All candidates vying for seats on the Eau Claire school board this spring acknowledge that changing school boundaries proves to be a difficult decision — for any board, for any district.
But the four candidates — incumbents Aaron Harder and Eric Torres and challengers Tim Nordin and Erica Zerr — don’t agree on how the district is currently handling a proposal to shutter Roosevelt Elementary and re-purpose it into a center for 4-year-old kindergarten programming.
The candidates, who are running for a total of three at-large seats on the board in the April 2 election, squared off at a forum Thursday night at Chippewa Valley Technical College.
Elected candidates will serve three-year terms that start this spring.
While Harder, current vice president of the board, emphasized trusting the process of the district’s listening sessions and remaining “decisive while not being divisive,” and Torres, a current board member, said his decision rested on equity in educational opportunities, newcomers questioned the current board’s actions.
Zerr, a first-time candidate who works as an early childhood educator at a private Montessori school in Eau Claire, said parents deserve answers regarding the future of their neighborhood school.
“This is a hard decision ... how do we balance the protection of our neighborhood micro communities with the needs of the whole district?” Zerr said, noting the need to look at transitions in the case of a boundary change. “But I also think we need to make a decision. If we’re going to do it, we’re going to do it, and we shouldn’t be having families at Roosevelt waiting an entire year to know whether or not they’re going to have a school next year.”
Nordin, a former high school science teacher who ran unsuccessfully for a seat on the board last spring, agreed with Zerr, stating that the board’s lack of a decision has made the proposal even harder on families.
And although the listening sessions the district has provided over the last couple of months are great for family engagement, Nordin wondered why so few board members attended the meetings to listen to the community’s feedback.
“This recommendation about Roosevelt and redrawing boundaries came up in October and still today there’s no decision being made,” Nordin said. “We need to be out there and listening and make decisions so that we don’t leave families in limbo. It’s hard enough to switch from one school to another, it’s another thing to sit with a year of uncertainty and not know what’s going to happen.”
Another topic that brought some contention among the candidates was the district’s ongoing budgetary woes. Despite a $5.8 million referendum that was passed in 2017, the district continues to struggle with a $125 million in unfunded liabilities.
Torres, an education professor at UW-Eau Claire who has been on the board since April 2017, emphasized the need at the state level to change the school funding formula and said the board is working to address the issue.
“So far we do not have a clear path to solve this problematic situation in the most equitable and comprehensive way. We have asked faculty and staff to provide input and are waiting to see their ideas,” Torres said. “But we will continue to be in the same situation if the current school funding formula continues to constrain our finances.”
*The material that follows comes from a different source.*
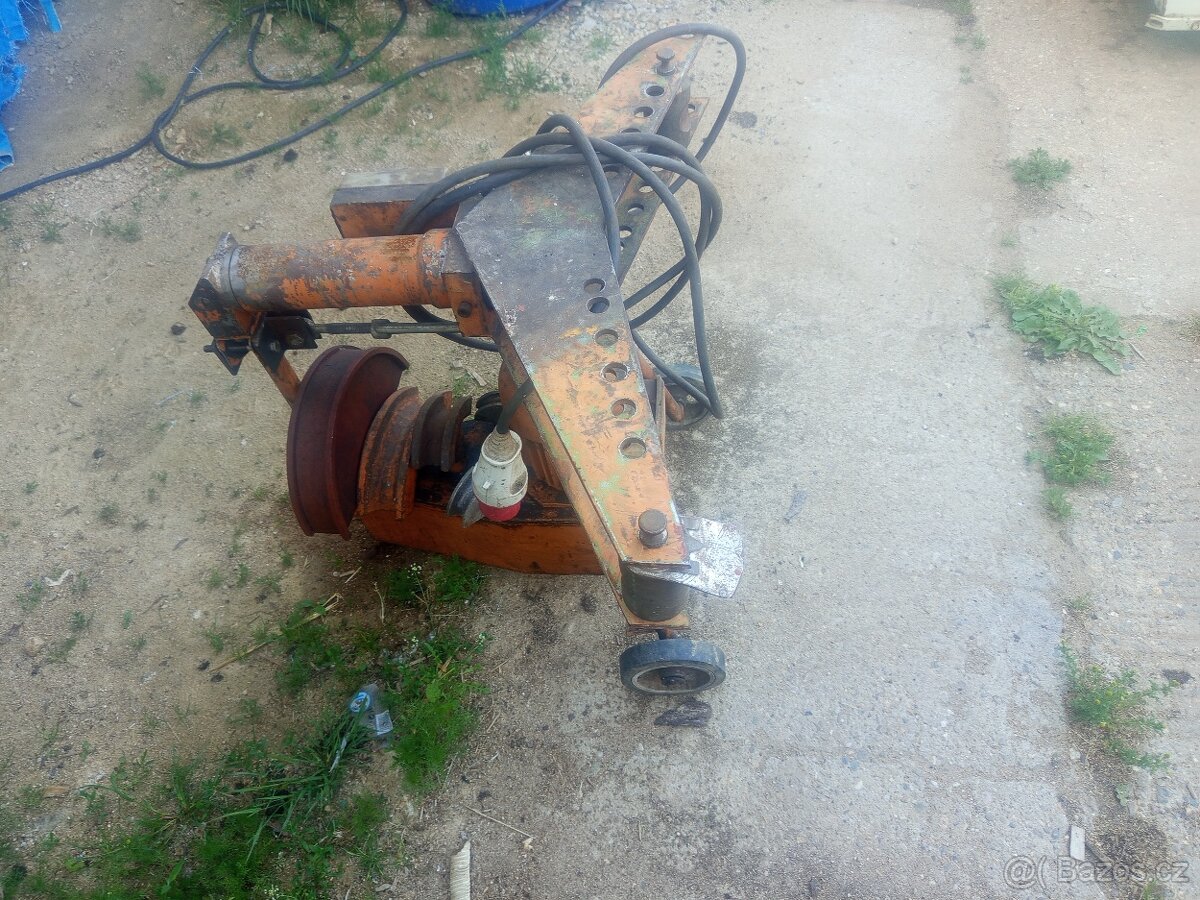 Ohýbačka trubek hydraulicka - 2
Harder, an Eau Claire schools graduate who owns a web software business, said district funding is currently divided at about 80 percent for payroll and 20 percent maintaining facilities and “everything else.” Though he believes “that’s how it should be,” the board will need to make difficult decisions in the future.
“It should be 80 percent — it’s a people business and it’s all about the staff that works with our students every day,” Harder said, referencing the board’s continued plans to restructure district retiree benefits, though the board recently delayed a decision to cap health and dental rates. “But because it’s 80 percent, it’s a controversial and painful thing when we have to tweak it. Whether it’s OPEB (other post-employment benefits) or other changes to the compensation program ... it’s important that we do it quickly and decisively.”
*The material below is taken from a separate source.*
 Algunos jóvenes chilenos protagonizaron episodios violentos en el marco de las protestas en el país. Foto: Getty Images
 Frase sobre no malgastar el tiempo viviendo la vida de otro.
Nordin agreed that more budgetary decisions need to be made quickly, while also emphasizing the need to involve educators in the conversation.
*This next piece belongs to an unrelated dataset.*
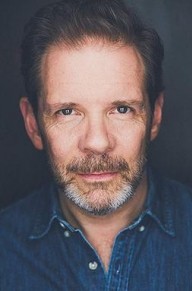 汤姆斯·杰·瑞恩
“We need more of the school board digging into the budget to make those hard calls, and we need our teachers and the community as a whole involved,” Nordin said.
Zerr said the district needs to make hard decisions, but with “its people” and equity as the top priorities.
“We can have the fanciest computers and the fanciest windows and the fanciest buildings and kitchens in the district, but if we don’t have our people, we don’t have anything,” Zerr said. “We also need to be financially responsible. We are going to have to make cuts ... but they need to be made in a diverse way. It can’t all be made in one place, it can’t be on the backs of one side of the district.”